Photo Courtesy of African Children’s Choir

Global music has a few new faces. Their name is the African Children’s Choir, there are thousands of them and they are here to spread a message of joy and perseverance. Despite their impoverished backgrounds, they have truly become an international force for joy. Recently, the Technique had the opportunity to interview a representative from the choir, revealing some of the origins, meanings and emotions surrounding this special group.

So how did the choir first get started, and how has it expanded since then?

The African Children’s Choir, under the Parent Organization Music for Life, began in 1984 in Uganda, Africa during the brutal reign of Idi Amin that left hundreds of thousands of orphans homeless and hopeless. Our president and founder, Ray Barnett, was doing relief work in Uganda at that time and was inspired by the singing of a little Ugandan boy whom he had given a lift to in his car. The boy had lost both his parents and didn’t know where his next meal was going to come from, but he sang the entire journey with a joy and dignity that moved Ray Barnett deeply. Ray Barnett wanted to bring a group of children to the Western world so that everyone could see and hear the great promise and potential of Africa’s children. Since 1984, the work of the choir has expanded to seven African countries: Uganda, South Africa, Kenya, Ghana, Nigeria, Rwanda and the Sudan. The organization supports students in more than 35 schools in these countries and has educated over 52,000 children.

What was the goal in creating the first choir?

The first African Children’s Choir was selected from orphaned and vulnerable children in the Kampala and Luwero areas in Uganda, Africa in 1984. They traveled to North American church communities and impressed audiences with their vibrancy and outstanding musical talent. The choir became a mouthpiece for the plight of the many thousands of vulnerable children like them in Uganda. They showed the world that Africa’s most vulnerable children have beauty, dignity and unlimited ability. The funds they raised through donations provided for their own support and education. The funds also helped to fund the building of an orphanage back in Kampala, Uganda from where the second African Children’s Choir was selected.

In what type of music does the choir specialize, and how does it correspond to the overall message that the group stands for?

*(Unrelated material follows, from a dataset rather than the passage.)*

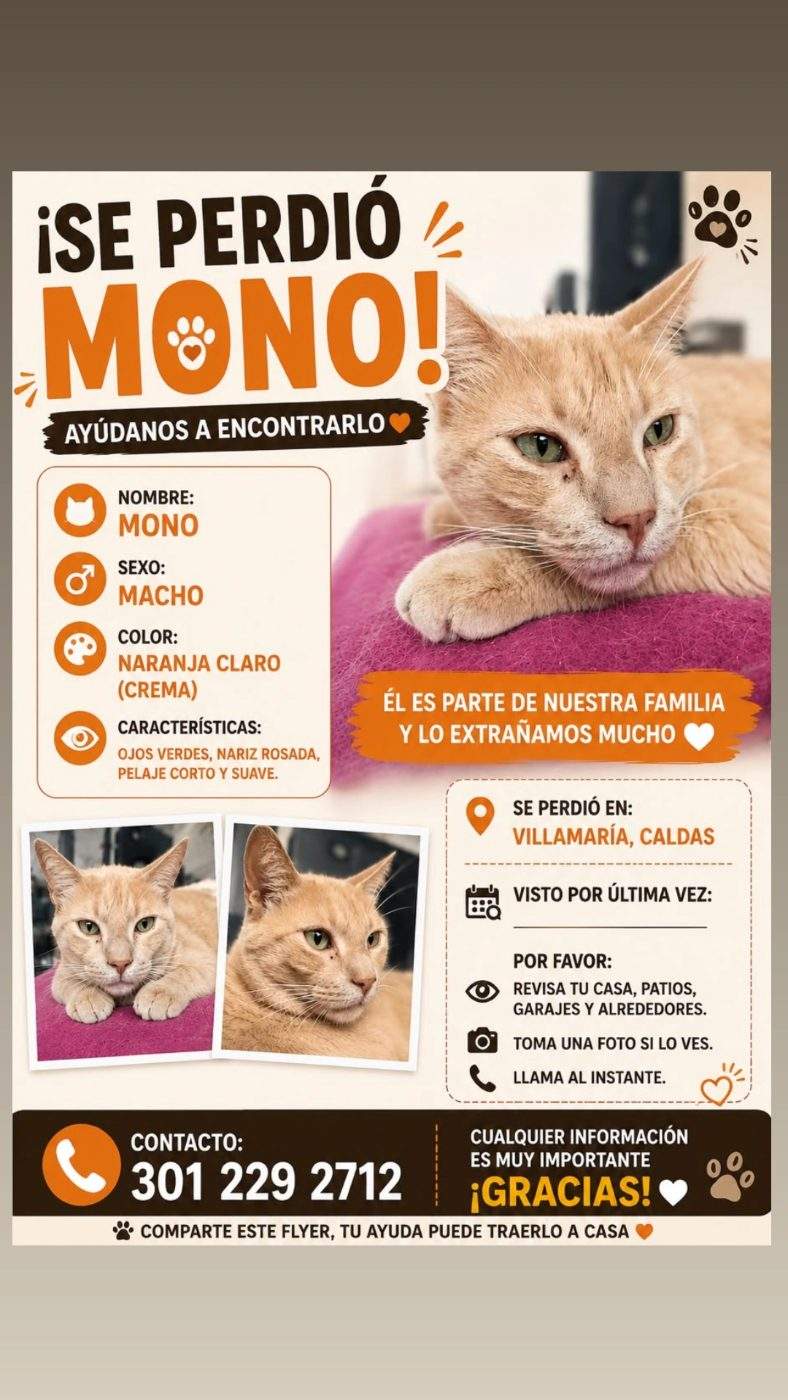 Foto de Mono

The African Children’s Choir specializes in traditional African songs and dances from many different parts of Africa. The Choir also performs original Englishlanguage songs as well as many hymnal, gospel and contemporary Christian songs such as “How He Loves Us,” “This Little Light Of Mine,” “I Love You Lord,” “Amazing Grace,” “He’s Got The Whole World In His Hands” and many more. These songs and dances show that despite their situations back home in Africa, these children are beautiful, joyful and inspired, through the choir, to make their home better.

In addition to offering a musical education, how else does the choir try to help its members?

The children are not members, like in a country club, but part of our family. As a family, the organization strives to provide the next generation with the best opportunities for breaking the cycle of poverty and illiteracy. With the help of sponsors and donors, the children’s education is provided for through University or Trade School. Prior to going on tour, the children train at The African Children’s Choir Training Academy, where the children learn songs, dances and attend school. After a choir has finished tour, the children then attend The African Children’s Choir Primary School in Entebbe, Uganda, near Lake Victoria. The organization not only helps the children in the choir but also children and communities throughout Africa with programs such as Teacher Training Colleges in Southern Sudan, AIDS education, literacy schools and Music for Life Centers that bring hope through music and dance education.

The choir has become quite a sensation over the years, touring all over the world. How do the children feel about being able to travel so much and spread their talents?

The children love seeing new places and meeting new people while on tour. They love learning new things and tasting new foods that they may have never been able to experience prior to being a part of The African Children’s Choir family. They enjoy performing for people who come to their concerts. They get so happy hearing the roar of the crowds, seeing the flashes from the cameras and seeing the tears of joy that they are able to bring to the audiences.

Why do you think music is an effective tool for helping these children?

Learning the songs and dances helps the children to learn teamwork, cooperation and determination to do their best. These skills are fundamental for them to become bright individuals who are inspired to make their home a better place for the next generation. Music transcends language. The emotion and message behind the music always comes through whether or not you speak English or Luganda. The joy in the children’s dances, the smiles on their faces and the sparkle in their eyes are felt and understood by all peoples regardless of where they come from. That’s the great thing about music: It teaches the children that we are all connected and through music they are able to bring hope and joy to people around the world.

The African Children’s Choir will be appearing in Atlanta on Sunday, Sept. 1, at Wieuca Road Baptist Church, and on Tuesday, Sept. 3, at Roswell United Methodist Church. Donations are welcome.